Bajo mi ventana corre la Avenida Santander, la del semáforo ambiguo, un río de carros que nos separa del mar.
No solo los bañistas, familias de cada barrio entre acá y el Cerro de la Popa, sino además todo transeúnte que quiera viajar hacia el centro y más allá, deben cruzar esta avenida.
¿Pero cómo? A la brava, de bravía. Sé de personas que a veces han optado por no cruzar; he visto mil veces a la señora de los ojos resignados al terror del raudal levantar su brazo pidiendo un breve y solidario descenso de velocidad que le dé apenas tiempo para cruzar nerviosamente.
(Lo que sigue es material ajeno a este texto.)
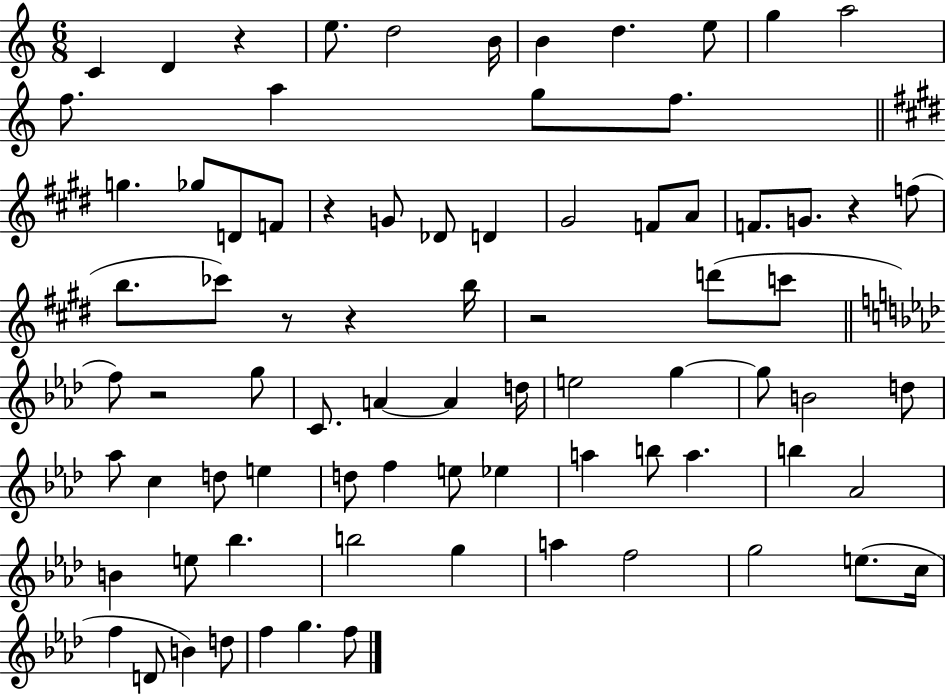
{
  \clef treble
  \numericTimeSignature
  \time 6/8
  \key c \major
  \repeat volta 2 { c'4 d'4 r4 | e''8. d''2 b'16 | b'4 d''4. e''8 | g''4 a''2 | \break f''8. a''4 g''8 f''8. | \bar "||" \break \key e \major g''4. ges''8 d'8 f'8 | r4 g'8 des'8 d'4 | gis'2 f'8 a'8 | f'8. g'8. r4 f''8( | \break b''8. ces'''8) r8 r4 b''16 | r2 d'''8( c'''8 | \bar "||" \break \key aes \major f''8) r2 g''8 | c'8. a'4~~ a'4 d''16 | e''2 g''4~~ | g''8 b'2 d''8 | \break aes''8 c''4 d''8 e''4 | d''8 f''4 e''8 ees''4 | a''4 b''8 a''4. | b''4 aes'2 | \break b'4 e''8 bes''4. | b''2 g''4 | a''4 f''2 | g''2 e''8.( c''16 | \break f''4 d'8 b'4) d''8 | f''4 g''4. f''8 | } \bar "|."
}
Es la ciudad sin sombra. Es la ciudad sin andenes. A los dueños de esta ciudad no les pega el sol, y solo han sabido usar sus pies para mandar.
Y ya los jóvenes dicen ajá normal.
Romantizar el caos —querer creer que él representa un goce natural para quienes sí saben reconocerlo como manifestación cotidiana de una mentalidad cultural, o defender que es un valor incomprendido por las coloniales pretensiones de un orden universalista occidental— puede ser una opción atrayente, pero seguiremos excluyendo a nuestros viejos y a nuestros conciudadanos más vulnerables del ambiente de vida amable que todos merecemos por igual.
Quizás, pienso a veces, todas las personas lleguemos a tener por dónde caminar frescas y tranquilas el día que logremos que los machos que comandan nuestra manada por cuenta y gracia de la ley de la selva, se den cuenta finalmente que ésta dejará de convenirles cuando sus barbas se tornen blancas.
Tal vez podamos cruzar la avenida del caos cuando el ímpetu represado de nuestros jóvenes ya no sucumba ante lo que se les ha ido dejando como “lo normal”.